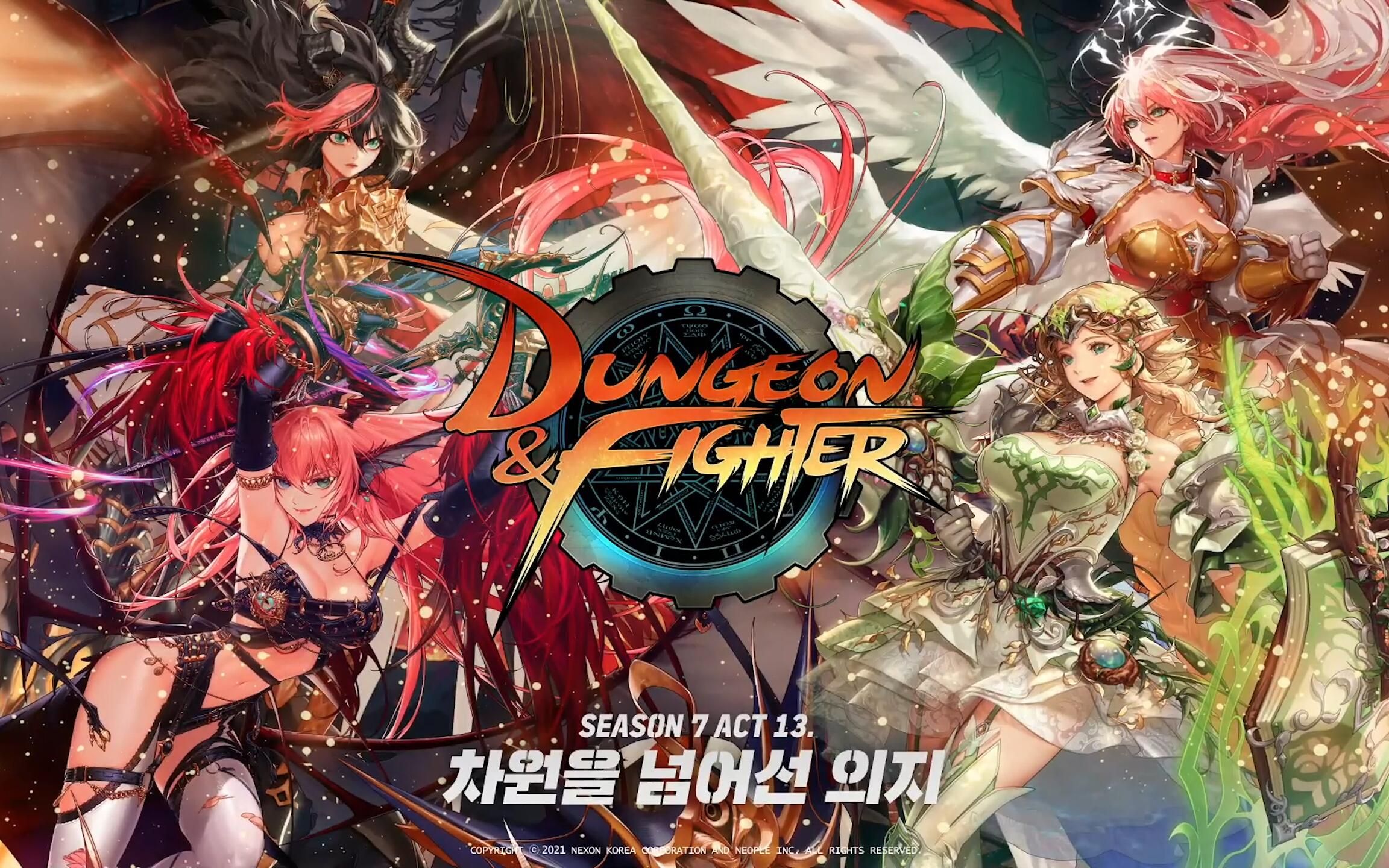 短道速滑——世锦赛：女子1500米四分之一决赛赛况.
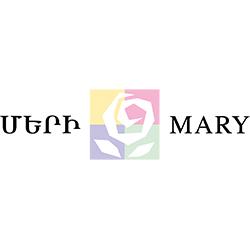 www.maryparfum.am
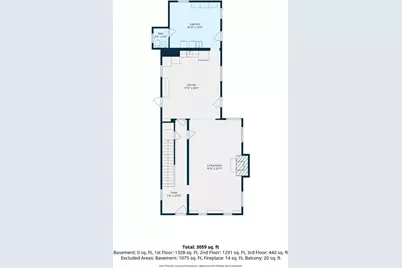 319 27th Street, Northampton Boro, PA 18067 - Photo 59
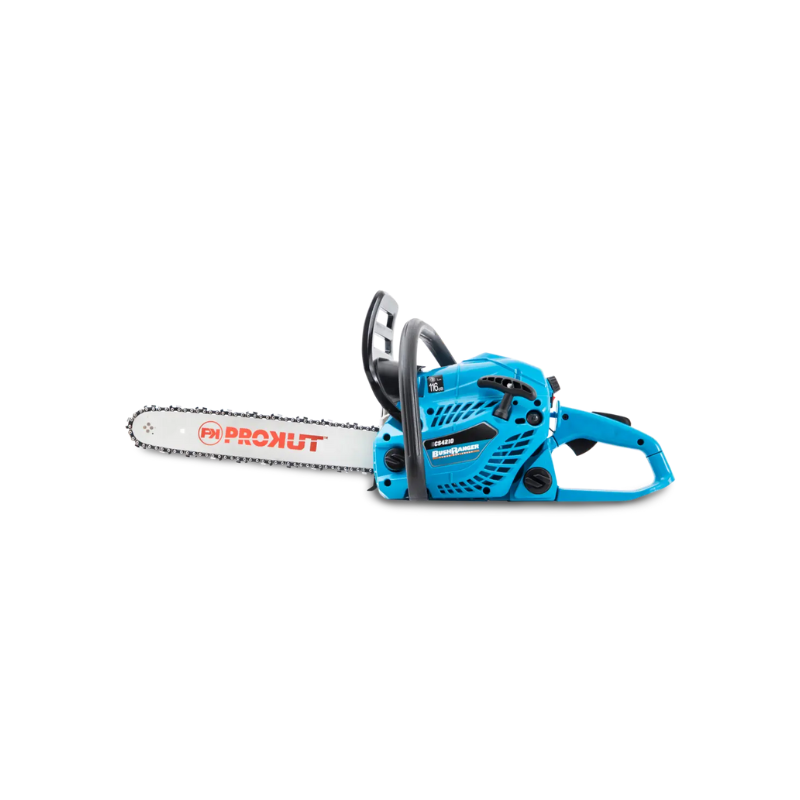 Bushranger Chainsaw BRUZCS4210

WHAT IS EXPECTED. Reproduce the listing exactly. The pictures are to be omitted.

EXERCISE OUTPUT.
 短道速滑——世锦赛：女子1500米四分之一决赛赛况.
 www.maryparfum.am
 319 27th Street, Northampton Boro, PA 18067 - Photo 59
 Bushranger Chainsaw BRUZCS4210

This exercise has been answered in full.